Das Herzstück unserer Demokratie, das Grundgesetz, spielt in den derzeitigen Debatten rund um die schärfsten Eingriffe in unsere Grundrechte seit dem Ende des Zweiten Weltkriegs kaum eine Rolle. Es geht schließlich um die Bekämpfung einer Pandemie, und hierbei müssen außergewöhnliche Maßnahmen ergriffen werden, heißt es stets. In den Medien wird die Bedeutung des Grundgesetzes auch in der aktuellen Situation kaum diskutiert. Einer der wichtigsten Begründer des Grundgesetzes, der Staatsrechtler Carlo Schmidt, sagte einmal: „Eine Verfassung ist nichts anderes als die in Rechtsform gebrachte Selbstverwirklichung der Freiheit des Volkes.“ Unser Grundgesetz, die geltende Verfassung Deutschlands, ist also der Grundpfeiler unserer bürgerlichen Freiheiten. Wer diese Verfassung außer Kraft setzt, muss dies äußerst gut begründen können und ist dazu verpflichtet, das Prinzip der Verhältnismäßigkeit zu achten. In der gegenwärtigen Situation ist es zumindest fragwürdig, ob diese Bedingungen erfüllt sind.

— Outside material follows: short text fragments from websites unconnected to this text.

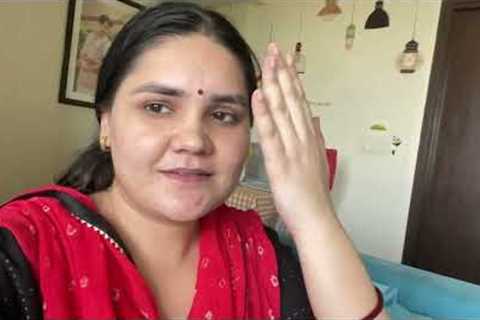 AASHTMI POOJAN AUR KI Karwa chauth ki shopping @The Chhrush Family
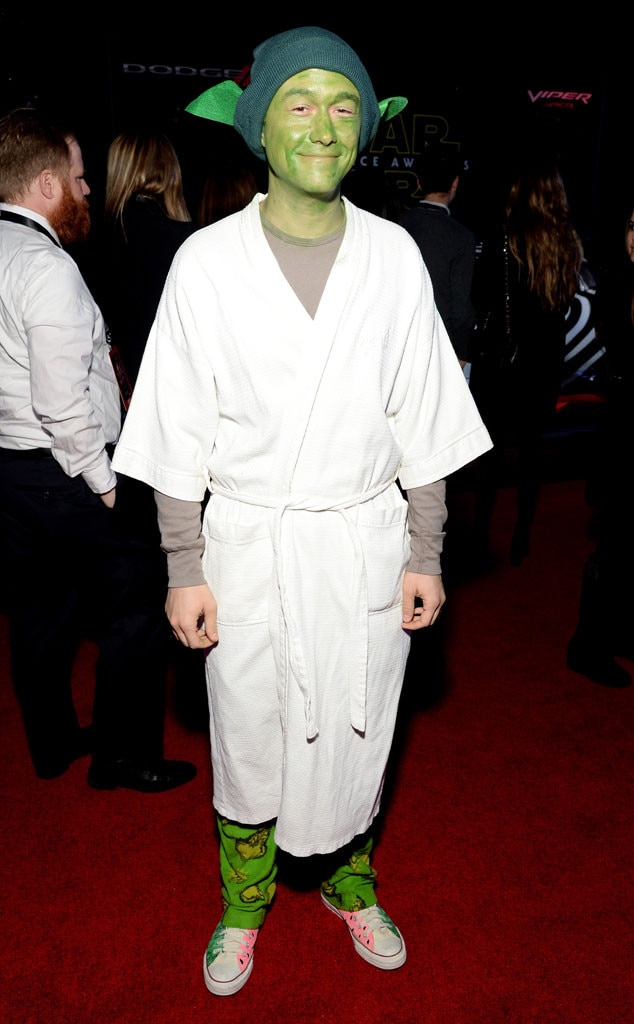 Joseph Gordon-Levitt, Yoda, Star Wars Joseph Gordon-Levitt, Yoda, Star Wars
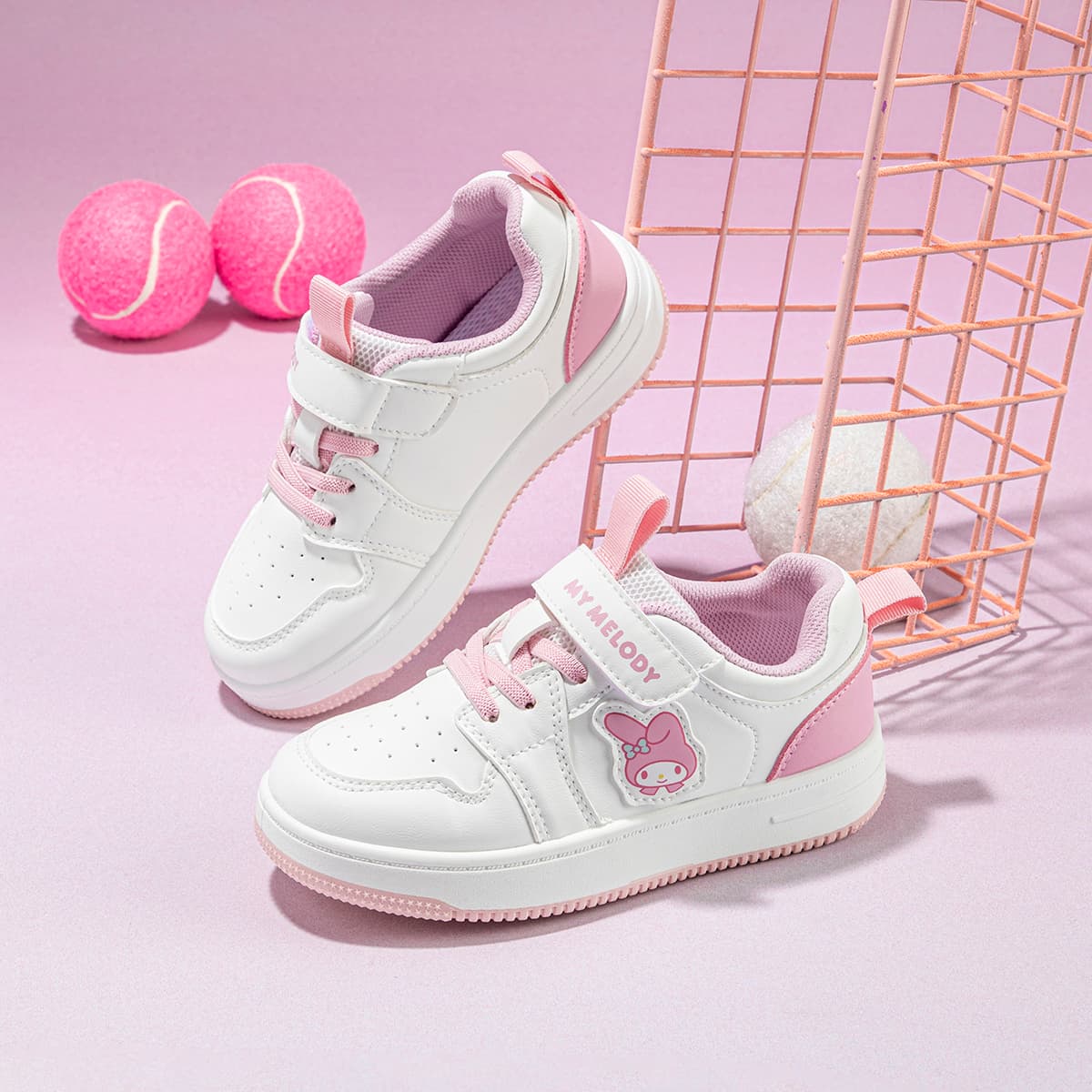 Кроссовки Sanrio Универсальные модные детские кроссовки на платформе для подростков - изображение 5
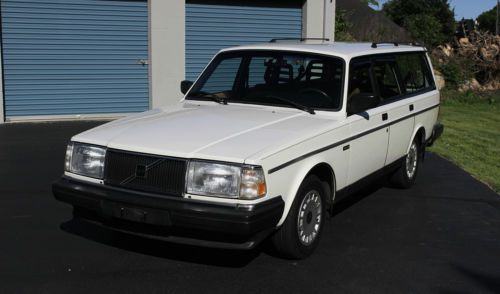 Volvo 240 wagon 1991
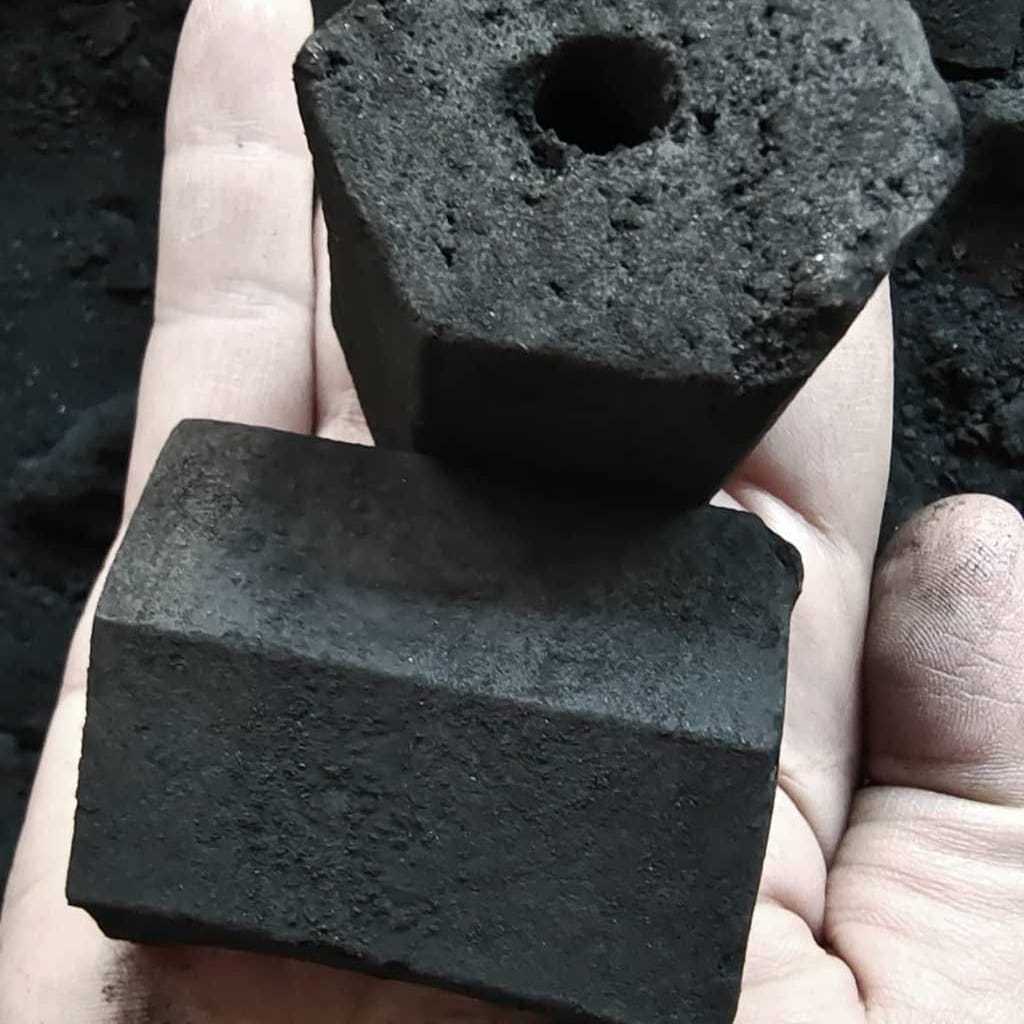 ARANG BRIKET HEXAGONAL 1 KG / ARANG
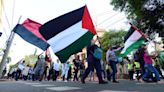 Marchan en Paraguay en apoyo a Palestina y piden revertir voto ante ONU sobre Gaza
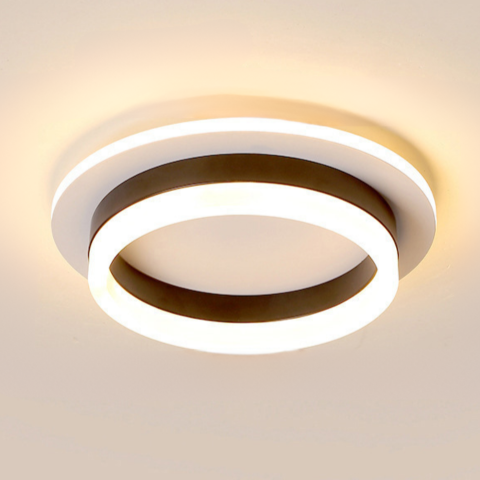 Contemporary ceiling light - Elegant shapes & Uniform lighting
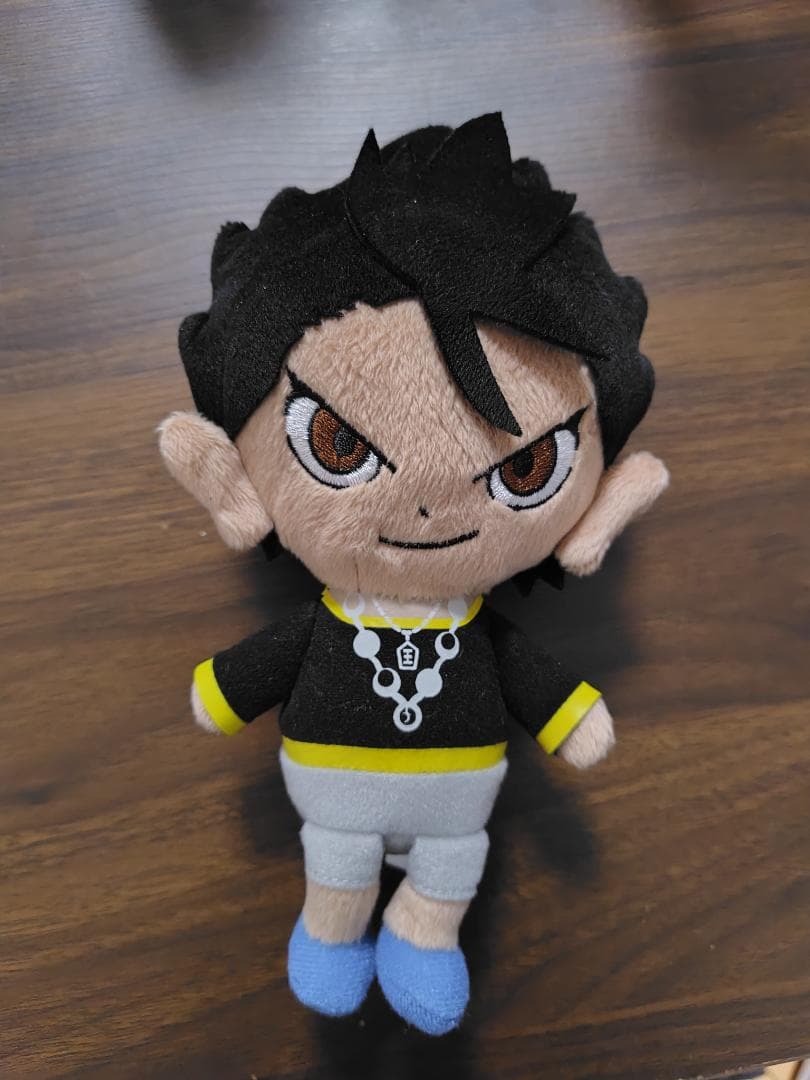 妖怪ウォッチ ヨロズマート限定 エンマ人間Ver DXくったりぬいぐるみだ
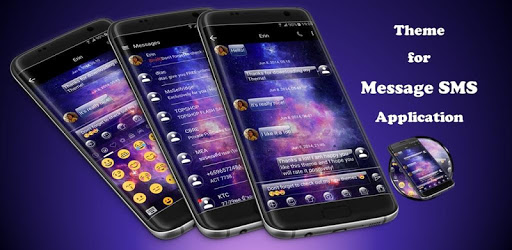 SMS Messages Glass Galaxy PC screenshot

Im Gespräch mit dem Philosophen und Autor Ralph Boes geht Flavio von Witzleben der Frage nach, inwiefern unser Grundgesetz schon vor Corona gebrochen wurde und wie das Narrativ des gesundheitlichen Wohls der Bevölkerung schon früher zur Errichtung totalitärer Staatsformen missbraucht wurde.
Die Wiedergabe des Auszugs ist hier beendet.